He left this position after just one year to join the University of Hawaii coaching staff as a football administrative assistant in 2015, where his father, Kurt Gouveia, was also on the staff.
“That was an awesome experience, Coach Norman Chow was the head coach, my father was the linebackers’ coach at the time, and he called me out of the blue to tell me they had this position open, wondering if I was interested,” Gouveia-Winslow said. “Obviously, football has been my life, so it was a great opportunity for me to get involved.”
Unfortunately for the Gouveia duo, the team had a rough year and the entire coaching staff was let go following the 2015 season.

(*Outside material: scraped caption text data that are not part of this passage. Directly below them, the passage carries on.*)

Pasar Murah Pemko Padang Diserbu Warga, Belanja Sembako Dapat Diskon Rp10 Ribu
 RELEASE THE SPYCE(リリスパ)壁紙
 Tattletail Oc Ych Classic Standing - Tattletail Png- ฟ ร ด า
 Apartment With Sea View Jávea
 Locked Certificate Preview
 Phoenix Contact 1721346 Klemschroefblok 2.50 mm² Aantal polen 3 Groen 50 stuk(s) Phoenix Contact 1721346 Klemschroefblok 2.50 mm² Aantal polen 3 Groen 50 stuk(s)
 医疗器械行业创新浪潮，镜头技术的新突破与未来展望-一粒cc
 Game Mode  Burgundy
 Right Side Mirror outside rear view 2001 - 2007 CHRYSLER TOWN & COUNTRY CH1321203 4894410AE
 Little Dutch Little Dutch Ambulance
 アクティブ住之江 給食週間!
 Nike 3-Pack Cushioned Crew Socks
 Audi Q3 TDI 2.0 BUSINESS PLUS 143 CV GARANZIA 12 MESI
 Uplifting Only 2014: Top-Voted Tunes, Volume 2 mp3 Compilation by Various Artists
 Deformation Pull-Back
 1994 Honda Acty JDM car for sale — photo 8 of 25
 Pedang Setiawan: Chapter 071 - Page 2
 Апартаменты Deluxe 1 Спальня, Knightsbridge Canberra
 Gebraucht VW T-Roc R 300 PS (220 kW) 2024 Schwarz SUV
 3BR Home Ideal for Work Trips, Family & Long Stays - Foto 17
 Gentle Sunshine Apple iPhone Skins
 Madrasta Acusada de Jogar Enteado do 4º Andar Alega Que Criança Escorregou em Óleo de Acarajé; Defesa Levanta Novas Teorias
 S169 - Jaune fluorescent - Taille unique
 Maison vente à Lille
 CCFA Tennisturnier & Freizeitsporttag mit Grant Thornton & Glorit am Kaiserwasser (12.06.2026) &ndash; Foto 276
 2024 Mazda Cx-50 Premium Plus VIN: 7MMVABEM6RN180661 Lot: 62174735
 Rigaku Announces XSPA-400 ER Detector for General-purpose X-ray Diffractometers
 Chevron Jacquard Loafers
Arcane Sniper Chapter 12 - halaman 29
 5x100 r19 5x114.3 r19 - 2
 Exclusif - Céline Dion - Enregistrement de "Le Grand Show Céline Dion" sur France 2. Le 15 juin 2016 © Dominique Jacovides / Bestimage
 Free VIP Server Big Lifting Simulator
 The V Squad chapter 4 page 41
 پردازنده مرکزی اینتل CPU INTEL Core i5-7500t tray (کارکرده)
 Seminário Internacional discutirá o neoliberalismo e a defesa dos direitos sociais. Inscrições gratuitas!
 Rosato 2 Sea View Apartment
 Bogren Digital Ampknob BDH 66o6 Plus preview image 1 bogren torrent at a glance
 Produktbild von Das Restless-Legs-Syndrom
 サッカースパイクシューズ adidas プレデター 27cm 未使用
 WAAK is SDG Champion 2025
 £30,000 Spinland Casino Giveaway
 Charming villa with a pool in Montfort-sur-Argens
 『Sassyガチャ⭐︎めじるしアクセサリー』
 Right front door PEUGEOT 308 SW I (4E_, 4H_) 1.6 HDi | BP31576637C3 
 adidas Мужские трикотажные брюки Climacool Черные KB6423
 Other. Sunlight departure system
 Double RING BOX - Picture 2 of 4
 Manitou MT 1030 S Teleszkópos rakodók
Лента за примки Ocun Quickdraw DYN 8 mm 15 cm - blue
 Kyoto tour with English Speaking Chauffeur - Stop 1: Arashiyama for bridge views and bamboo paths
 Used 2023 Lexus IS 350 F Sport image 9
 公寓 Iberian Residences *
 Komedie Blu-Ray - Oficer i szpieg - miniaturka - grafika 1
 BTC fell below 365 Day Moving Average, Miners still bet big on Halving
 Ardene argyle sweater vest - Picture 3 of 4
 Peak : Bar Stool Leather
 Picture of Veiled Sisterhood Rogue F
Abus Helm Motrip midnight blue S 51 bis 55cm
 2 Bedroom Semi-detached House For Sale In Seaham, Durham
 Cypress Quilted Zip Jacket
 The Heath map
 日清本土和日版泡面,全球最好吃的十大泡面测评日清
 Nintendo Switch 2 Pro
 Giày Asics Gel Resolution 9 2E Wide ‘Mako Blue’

“I thought it was a great foot in the door to Division I college football,” Gouveia-Winslow said. “I was still trying to find a position to coach football after we got let go, but it was a great experience and very eye-opening for me.”
Instead of staying in football, however, he has returned to the East coast and to the world of athletic performance training as a director for Pinnacle Fitness in Indian Land, S.C., a fast-growing area located just across the border from Charlotte, N.C.
As a director for the group that just opened in October, he is able to develop his own fitness programs working with athletes across multiple sports. It is the first of a new chain of gyms under the ownership of Jeff Harley, with the concept of commercialized gyms with specialized training.
“Being involved with athletics, if it’s football or not, is the ultimate goal. If I’m not coaching football then I’m training,” Gouveia-Winslow said. “I would love to coach college ball, but it’s a tough industry to get into and stay in.”